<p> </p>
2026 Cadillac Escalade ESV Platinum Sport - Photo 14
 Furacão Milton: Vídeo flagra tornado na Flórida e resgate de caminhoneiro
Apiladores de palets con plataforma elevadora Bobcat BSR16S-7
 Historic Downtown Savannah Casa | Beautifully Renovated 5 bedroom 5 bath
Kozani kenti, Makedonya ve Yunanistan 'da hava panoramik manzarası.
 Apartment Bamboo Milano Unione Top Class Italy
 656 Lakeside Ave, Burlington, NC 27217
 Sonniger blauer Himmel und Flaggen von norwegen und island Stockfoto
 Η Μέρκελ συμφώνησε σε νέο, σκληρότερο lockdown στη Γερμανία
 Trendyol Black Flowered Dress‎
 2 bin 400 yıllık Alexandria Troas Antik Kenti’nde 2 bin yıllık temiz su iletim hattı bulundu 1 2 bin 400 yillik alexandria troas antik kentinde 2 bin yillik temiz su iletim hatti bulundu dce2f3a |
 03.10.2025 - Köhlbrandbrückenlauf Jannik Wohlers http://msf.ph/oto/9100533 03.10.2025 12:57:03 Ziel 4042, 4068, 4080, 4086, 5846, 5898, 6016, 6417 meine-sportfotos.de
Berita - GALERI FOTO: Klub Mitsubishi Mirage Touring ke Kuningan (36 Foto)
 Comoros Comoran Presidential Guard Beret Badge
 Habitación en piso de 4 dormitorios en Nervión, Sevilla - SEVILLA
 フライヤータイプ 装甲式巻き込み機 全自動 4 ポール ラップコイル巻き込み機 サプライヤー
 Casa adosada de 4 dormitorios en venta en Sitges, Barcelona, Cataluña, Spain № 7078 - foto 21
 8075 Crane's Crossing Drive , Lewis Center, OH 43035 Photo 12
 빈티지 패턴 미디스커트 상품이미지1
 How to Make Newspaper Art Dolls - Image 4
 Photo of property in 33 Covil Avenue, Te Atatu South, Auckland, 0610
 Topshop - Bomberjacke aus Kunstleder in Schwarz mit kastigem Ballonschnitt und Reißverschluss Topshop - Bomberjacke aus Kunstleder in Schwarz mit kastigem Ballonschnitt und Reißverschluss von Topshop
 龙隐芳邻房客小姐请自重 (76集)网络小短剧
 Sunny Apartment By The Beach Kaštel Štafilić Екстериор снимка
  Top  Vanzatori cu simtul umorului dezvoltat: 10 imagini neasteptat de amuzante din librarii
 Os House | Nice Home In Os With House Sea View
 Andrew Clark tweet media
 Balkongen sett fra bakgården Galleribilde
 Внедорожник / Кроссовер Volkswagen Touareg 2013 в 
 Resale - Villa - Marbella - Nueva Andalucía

WORK INSTRUCTION
Wherever a line holds the word "Casa", copy that line out of the entries above.

RESULT FOR THIS TASK
 Historic Downtown Savannah Casa | Beautifully Renovated 5 bedroom 5 bath
 Casa adosada de 4 dormitorios en venta en Sitges, Barcelona, Cataluña, Spain № 7078 - foto 21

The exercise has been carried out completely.